Share your dilemmas and get honest opinions from other Mumsnetters.

To wonder how you're all just living your lives?

11 replies

Pretwix · 18/11/2024 09:00

Apologies in advance for the manically written post - once I started typing, it was quite a big release! I am feeling so fed up with myself at the moment and can't see how everyone just gets on with things. I set myself these small goals every day but I seem to be unable to reach them. Every evening I get my workout gear ready and a bottle ready to fill. I intend to do a workout that I enjoy but I find myself waking up and just not wanting to do it. It's not even that I'm too tired, I just want to stay safe in my bed and not start the day. I'll just lie there dozing for an hour.
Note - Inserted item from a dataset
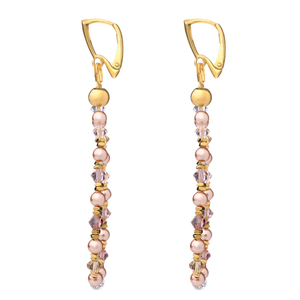 Σκουλαρίκια με Κρύσταλλα και Πέρλες σε Ροζ Αποχρώσεις Μεγάλα | The Gem Stories Jewelry - επιχρυσωμένα, ασήμι 925, μακριά, πέρλες, μεγάλα - 2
I get up late and the amount I got ready the night before completely depends on my motivation (not a lot atm). So I'm rushing making lunch and getting clothes out. Then I get my 4 yo DS up and he will just say no to most things I ask him to do. I try and be really gentle and patient with him but I feel so stressed. I get him to nursery and he just cries and holds onto my leg as I leave. I do hybrid working but feel exhausted either way. I crave sugar immediately and sometimes manage to power through It. It gets better through the day but I do find work quite overwhelming. It really impacts me when I forget to do something or I make a mistake. I feel like a failure. I get home and feel too tired to make a plan for the next day. I'm quite likely to binge on chocolate at this time. I take a lot of comfort in all the wrong foods which probably worsens this vicious cycle, but I can't imagine getting through a day without having sweet treats throughout the day. I just need that comfort. I feel like I set all these goals everyday and I'm failing to achieve them and it's so frustrating and I don't know where to start but I know I can't carry on like this. Any advice? I'm finding life so hard right now.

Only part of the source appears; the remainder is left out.